In order to communicate things of importance between different groups of people with different traditions of reasoning, you must find some means of building a common discourse.
My own proposal for this is to identify the background conceptual models and lineage of each tradition to see how each is rational and then find ways to compare them in different contexts with mutually agreed objective standards. That's based pretty much on the principles of integrative negotiation plus the principle of tradition-bound reasoning.

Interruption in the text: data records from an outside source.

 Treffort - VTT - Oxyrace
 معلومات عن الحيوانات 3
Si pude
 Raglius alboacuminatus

For example, God is "ultimately implausible" mostly in the tradition that began with the 18th c French philosophers, peaked with Voltaire, and represents largely their reaction to the religious wars and consequently blaming "organized religion." But we are also a product of Hume and the Scottish Enlightenment, Aristotelian and Aquinan reasoning and so on, and several other traditions that are less dogmatic in their atheism and in their certainty that God, social order, and morality are completely dissociable. By not respecting the fact that God is perfectly rational within some traditions of reasoning, we miss the point and refuse to engage the argument fairly.

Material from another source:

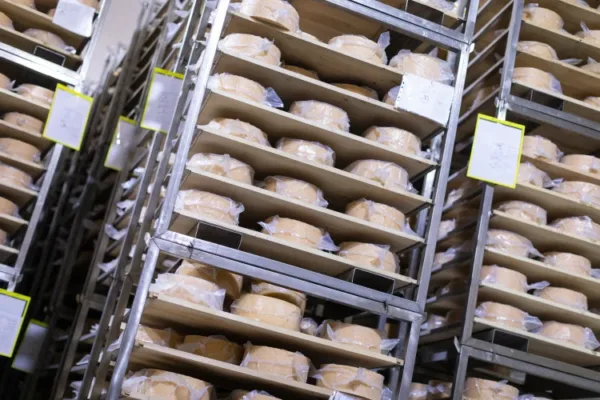 Ultrafiltración para producción queso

Also, by not recognizing that a number of different traditions of reasoning are alive and well in jurisprudence, politics, religion, and even within science, we miss the chance to figure out what they are really arguing about.
I think the valuable thing about *secularism* as manifested most dramatically in the Deists of Locke's tradition was not the implausibility it rendered to the supernatural, but the fact that it promoted a form of increasingly universal discourse by focusing on things that were least specific to particular other traditions. The liberal university tradition of modern times is a deliberately self-reflective discourse where we make every effort to make it as universal as possible. However, we have also found that it can only be taken so far. The extremes of poststructuralist gibberish are a logical result of trying to take rationalist discourse so far skeptically that we discount every possible totalizing system or grand narrative, and we end up with implicit stories ones that are worse than the ones being deconstructed. Atheism is one of the artifacts of the Enlightenment tradition off slightly to the side of scientific traditions.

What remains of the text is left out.